Il résulte de tout cela, montre fort bien l’auteur, que c’est l’extrême droite qui récolte les fruits de tous ces errements et que s’additionnent en fait deux civilisations malades : l’occidentale, aveuglée par la mondialisation, et le monde arabo-musulman, « impuissant à instituer des démocraties durables », comme l’explique Abdennour Bidar dans sa « Lettre ouverte au monde musulman » de l’automne 2014.
Écrivant de façon étincelante, l’auteure affirme que « les habitants du Vieux Monde sentent depuis quelque temps que leur civilisation a rompu avec la part la plus lumineuse d’elle-même ».
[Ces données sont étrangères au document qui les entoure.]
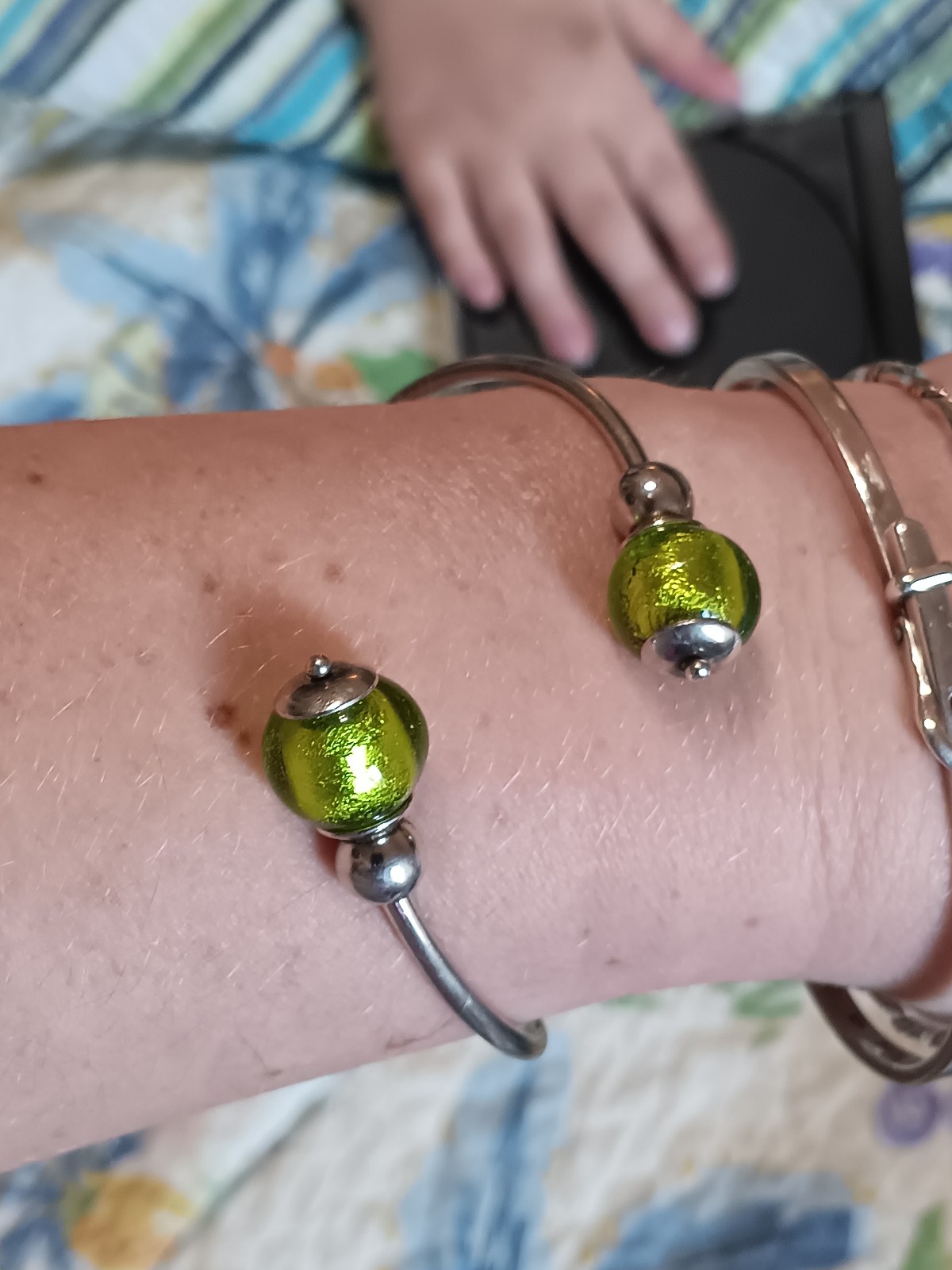 Twisted sterling silver glass beaded bracelet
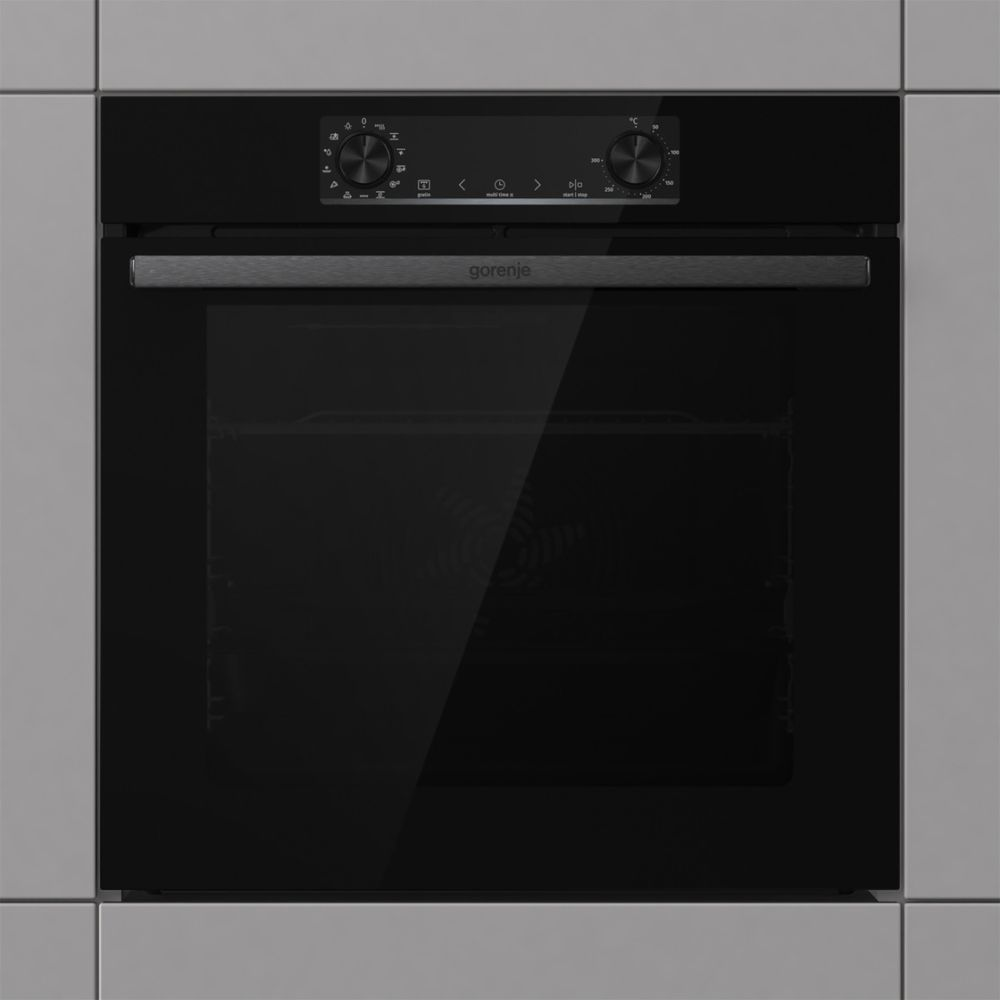 Ein moderner schwarzer Einbaubackofen mit silbernem Griff und digitaler Steuerung.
C’est dans cet état de malaise que ressort traditionnellement l’abjection : l’antisémitisme et ses atroces théoriciens et « amuseurs ». Attitude que cernait bien Vladimir Jankélévitch : « Applaudir aux fours crématoires, serait-ce par hasard une opinion ? » Un antisémitisme bien planqué sous l’habituelle dénonciation d’Israël. Depuis un an, des musulmans meurent victimes de Daesh et personne ne manifeste, alors qu’on ne cesse de le faire pour Gaza.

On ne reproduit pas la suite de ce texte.